- How to complete this task: Omit any picture, and return the remaining data exactly as written.

- Input data:

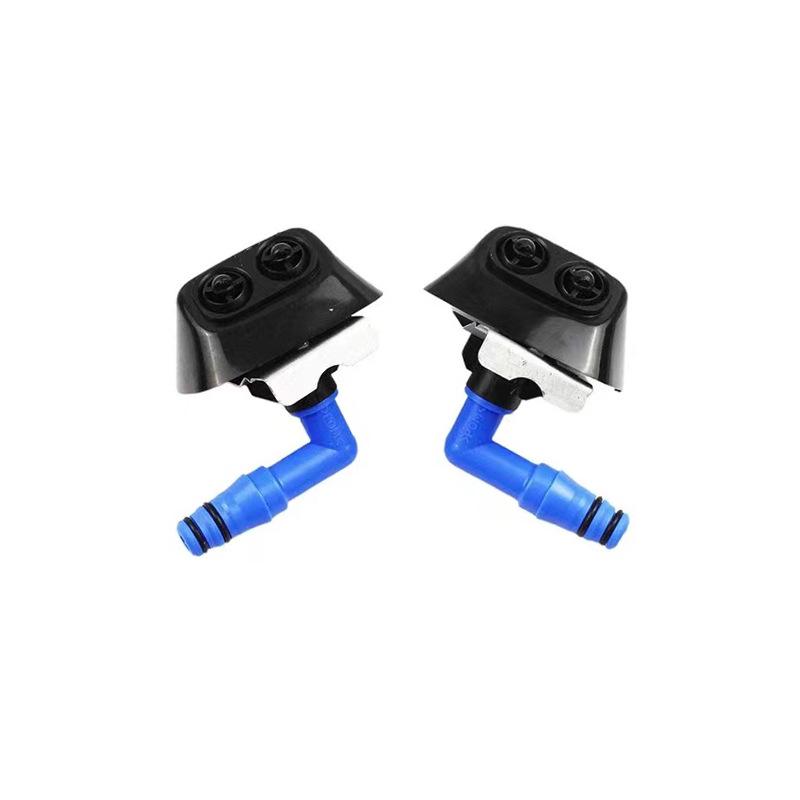 Saab 9-3 (2004-2011) Headlight Washer Nozzle 1803973 (Part #12803972)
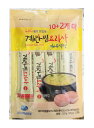 ケランチム スティック (韓国茶碗蒸素) 120g　レンジで簡単調理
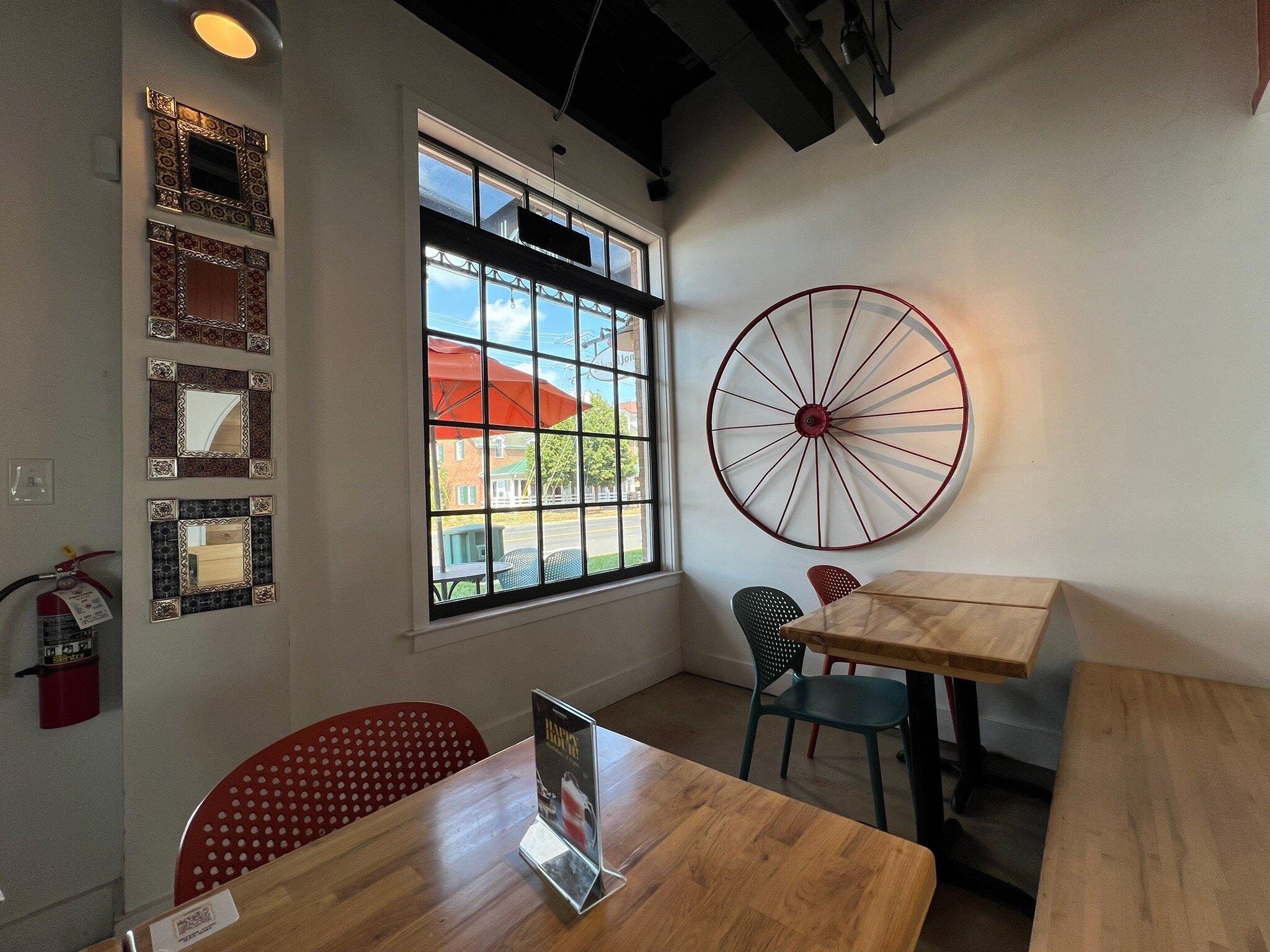 Parrando's Tex-mex Grill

- Finished task:
 Saab 9-3 (2004-2011) Headlight Washer Nozzle 1803973 (Part #12803972)
 ケランチム スティック (韓国茶碗蒸素) 120g　レンジで簡単調理
 Parrando's Tex-mex Grill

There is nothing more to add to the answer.